Goal of the exercise: Word for word, restate the records that appear below.

Records excerpted from a collection
┏━━
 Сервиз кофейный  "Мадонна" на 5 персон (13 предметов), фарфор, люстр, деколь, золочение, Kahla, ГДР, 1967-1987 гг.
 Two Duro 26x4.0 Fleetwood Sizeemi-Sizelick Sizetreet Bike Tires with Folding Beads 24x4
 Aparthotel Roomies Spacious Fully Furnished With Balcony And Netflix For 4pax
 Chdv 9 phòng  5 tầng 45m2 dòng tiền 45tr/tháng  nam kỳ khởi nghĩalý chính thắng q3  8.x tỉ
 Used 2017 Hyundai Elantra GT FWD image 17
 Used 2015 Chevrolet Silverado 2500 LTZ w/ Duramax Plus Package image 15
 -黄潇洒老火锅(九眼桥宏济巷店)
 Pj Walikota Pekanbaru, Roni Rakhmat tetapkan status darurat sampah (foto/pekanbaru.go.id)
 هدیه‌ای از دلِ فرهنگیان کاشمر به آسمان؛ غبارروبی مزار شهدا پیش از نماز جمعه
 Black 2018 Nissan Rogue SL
┗━━
Result:
 Сервиз кофейный  "Мадонна" на 5 персон (13 предметов), фарфор, люстр, деколь, золочение, Kahla, ГДР, 1967-1987 гг.
 Two Duro 26x4.0 Fleetwood Sizeemi-Sizelick Sizetreet Bike Tires with Folding Beads 24x4
 Aparthotel Roomies Spacious Fully Furnished With Balcony And Netflix For 4pax
 Chdv 9 phòng  5 tầng 45m2 dòng tiền 45tr/tháng  nam kỳ khởi nghĩalý chính thắng q3  8.x tỉ
 Used 2017 Hyundai Elantra GT FWD image 17
 Used 2015 Chevrolet Silverado 2500 LTZ w/ Duramax Plus Package image 15
 -黄潇洒老火锅(九眼桥宏济巷店)
 Pj Walikota Pekanbaru, Roni Rakhmat tetapkan status darurat sampah (foto/pekanbaru.go.id)
 هدیه‌ای از دلِ فرهنگیان کاشمر به آسمان؛ غبارروبی مزار شهدا پیش از نماز جمعه
 Black 2018 Nissan Rogue SL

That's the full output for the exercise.